FCST: 03/20 – 03/21 – Winter Event
Posted on 19. Mar, 2010 by Jesse in Forecasts
Today’s 12Z model runs have started to come into better agreement regarding the upcoming storm system that should move out of the Southern Plains and into the Ohio River valley by early Monday. Models seem to be centering on a more southerly track from what was being indicated much earlier in the week, which isn’t at all unexpected. The 12Z NAM and GFS, as well as the most recently available UKMET, Canadian GEM, GFSx/MRF and the JMA model solutions are fairly congruous in the relative track of the storm system taking a more southerly route than previously anticipated, with the storm system centered over far western Kentucky by ooZ Monday, which subsequently shifts the heaviest axis of precipitation amounts south of the US 36 corridor.
Adequate moisture will be transported northward as a cold air mass sags southward in advance of the impending storm system. Unresolved questions remain regarding the southward extent of the cooler air mass, as well as the exact location of 0C surface temperatures, along with the potential for warm air aloft to intrude upon the augmentation of frozen precipitation as the system makes it way to the NNE.
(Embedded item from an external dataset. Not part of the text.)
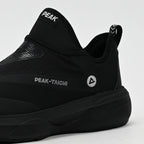 PEAK TaiChi Walking Shoes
It’s is likely that actual accumulation amounts will be less than what both the GFS and the NAM are indicating, especially given the fact that boundary layer temperatures have been mild and tepid over the past seven to ten days, especially in the most favored locations for deformation band snowfalls. However, given uncertainties about the extent of cold air advection, as well as the likelihood for some evaporative cooling, some locales may indeed surpass accumulations of 4 – 6 inches, especially on grassy surfaces and elevated areas. Per the SREF, at 00Z Sunday the 850 mb zero degree isotherm is located along an axis from KPTS to KUIN, with 850 mb temperatures sitting at -2 to -6 C across the region north of this line; however, 700 mb tems site at -4 to -6 C across the same region as the 500 mb low migrates across the lower Mississippi valley. Best divergence at 300 mb, along with primordial 700 mb upward vertical motion and strongest 700 mb theta-e advection occurs late Saturday and early Sunday over a broad region from the western Ozarks into central and EC MO as well.